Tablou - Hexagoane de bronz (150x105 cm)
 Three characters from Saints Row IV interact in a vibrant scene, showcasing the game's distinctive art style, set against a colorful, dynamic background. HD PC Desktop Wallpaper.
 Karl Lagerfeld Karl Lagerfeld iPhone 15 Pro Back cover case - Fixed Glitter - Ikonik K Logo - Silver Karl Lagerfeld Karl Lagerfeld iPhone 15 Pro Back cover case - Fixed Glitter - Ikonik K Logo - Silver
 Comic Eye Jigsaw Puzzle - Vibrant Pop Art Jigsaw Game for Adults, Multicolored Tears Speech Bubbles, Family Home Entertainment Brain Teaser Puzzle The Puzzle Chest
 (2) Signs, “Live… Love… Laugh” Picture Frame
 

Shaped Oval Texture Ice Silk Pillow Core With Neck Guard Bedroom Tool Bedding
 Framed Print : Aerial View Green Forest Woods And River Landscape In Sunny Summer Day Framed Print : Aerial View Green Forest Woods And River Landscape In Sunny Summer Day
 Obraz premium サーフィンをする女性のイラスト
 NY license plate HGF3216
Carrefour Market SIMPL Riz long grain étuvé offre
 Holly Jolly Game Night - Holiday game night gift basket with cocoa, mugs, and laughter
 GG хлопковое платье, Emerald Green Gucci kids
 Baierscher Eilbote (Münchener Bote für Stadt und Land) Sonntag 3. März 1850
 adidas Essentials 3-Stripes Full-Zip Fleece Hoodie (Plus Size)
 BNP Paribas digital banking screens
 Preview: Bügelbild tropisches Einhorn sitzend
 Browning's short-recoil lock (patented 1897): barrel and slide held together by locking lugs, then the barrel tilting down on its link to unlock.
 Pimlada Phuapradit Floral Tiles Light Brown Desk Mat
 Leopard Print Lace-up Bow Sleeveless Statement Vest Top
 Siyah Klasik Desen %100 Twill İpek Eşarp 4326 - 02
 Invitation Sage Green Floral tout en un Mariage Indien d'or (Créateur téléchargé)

::::::

HOW TO COMPLETE THIS TASK. A verbatim copy of the listing is to be returned in full.

SOLUTION FOR THIS PROBLEM.
Tablou - Hexagoane de bronz (150x105 cm)
 Three characters from Saints Row IV interact in a vibrant scene, showcasing the game's distinctive art style, set against a colorful, dynamic background. HD PC Desktop Wallpaper.
 Karl Lagerfeld Karl Lagerfeld iPhone 15 Pro Back cover case - Fixed Glitter - Ikonik K Logo - Silver Karl Lagerfeld Karl Lagerfeld iPhone 15 Pro Back cover case - Fixed Glitter - Ikonik K Logo - Silver
 Comic Eye Jigsaw Puzzle - Vibrant Pop Art Jigsaw Game for Adults, Multicolored Tears Speech Bubbles, Family Home Entertainment Brain Teaser Puzzle The Puzzle Chest
 (2) Signs, “Live… Love… Laugh” Picture Frame
 

Shaped Oval Texture Ice Silk Pillow Core With Neck Guard Bedroom Tool Bedding
 Framed Print : Aerial View Green Forest Woods And River Landscape In Sunny Summer Day Framed Print : Aerial View Green Forest Woods And River Landscape In Sunny Summer Day
 Obraz premium サーフィンをする女性のイラスト
 NY license plate HGF3216
Carrefour Market SIMPL Riz long grain étuvé offre
 Holly Jolly Game Night - Holiday game night gift basket with cocoa, mugs, and laughter
 GG хлопковое платье, Emerald Green Gucci kids
 Baierscher Eilbote (Münchener Bote für Stadt und Land) Sonntag 3. März 1850
 adidas Essentials 3-Stripes Full-Zip Fleece Hoodie (Plus Size)
 BNP Paribas digital banking screens
 Preview: Bügelbild tropisches Einhorn sitzend
 Browning's short-recoil lock (patented 1897): barrel and slide held together by locking lugs, then the barrel tilting down on its link to unlock.
 Pimlada Phuapradit Floral Tiles Light Brown Desk Mat
 Leopard Print Lace-up Bow Sleeveless Statement Vest Top
 Siyah Klasik Desen %100 Twill İpek Eşarp 4326 - 02
 Invitation Sage Green Floral tout en un Mariage Indien d'or (Créateur téléchargé)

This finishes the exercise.